I am using NVIDIA C870 GPU for accelerating my neural network application. I want to know the theoretical peak FLOP/s and memory BW. I calculated the theoretical peak FLOP as: Peak
FLOP/s = 1.35 GHz * 128 cores * 2 FLOPs = 345.6 GFLOP/s. But in the C870 installation guide it says that it has the performance of over 500 GFLOP/s. Which is right? Am I missing something?
I have other question, the C870 installation guide also says that the Device memory BW is 76.8 GB/s. I am wondering, how this value is calculated or found?
The C870 nominally has the ability to process a multiply-add and a multiply instruction at the same time, giving 3 floating point operations per clock, instead of two. After they were released, it was found that a scheduling limitation meant that the dual-issue MUL was very unlikely to occur, so in practice the peak is more like what you calculated. The GT200 series fixes this problem and is apparently able to dual issue the MUL with greater probability, if it is available in the instruction stream.

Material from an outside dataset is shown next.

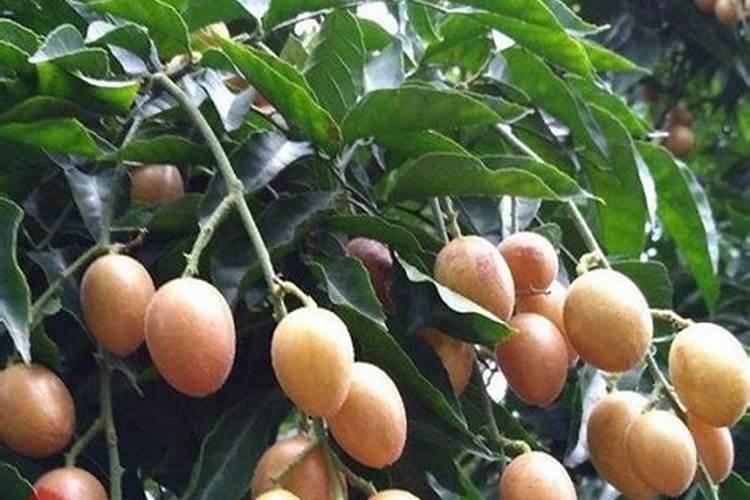 牡丹花没开花之前怎么施肥 牡丹施肥禁忌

The memory bandwidth is computed by [memory clock] * [memory bus width in bits / 8] * 2 (for DDR) = 800 MHz * (384/8) bytes * 2 = 76.8 GB/sec.
I have another question about the host to device bandwidth measurement. After running an example (BW test) inside CUDA SDK in my system (Intel core 2 quad 2.66 GHz with Tesla C870), I found that H-to-D bandwidth for my system is 1.5 GB/s. Is there any way to measure the theoretical peak H-to-D bandwidth for this kind of system?
Since the C870 is a PCI-Express 1.0 device, the theoretical maximum is 4 GB/sec in either direction. However, most motherboards fall short of this. (And there can be a surprising amount of variation between motherboard models.)
In addition, there is a large difference between normal memory transfers and “pinned memory” transfers. You should also run the bandwidth test with --memory=pinned, as that will get you closest to the theoretical bandwidth limit. You will probably see 2.5-3 GB/sec with that option.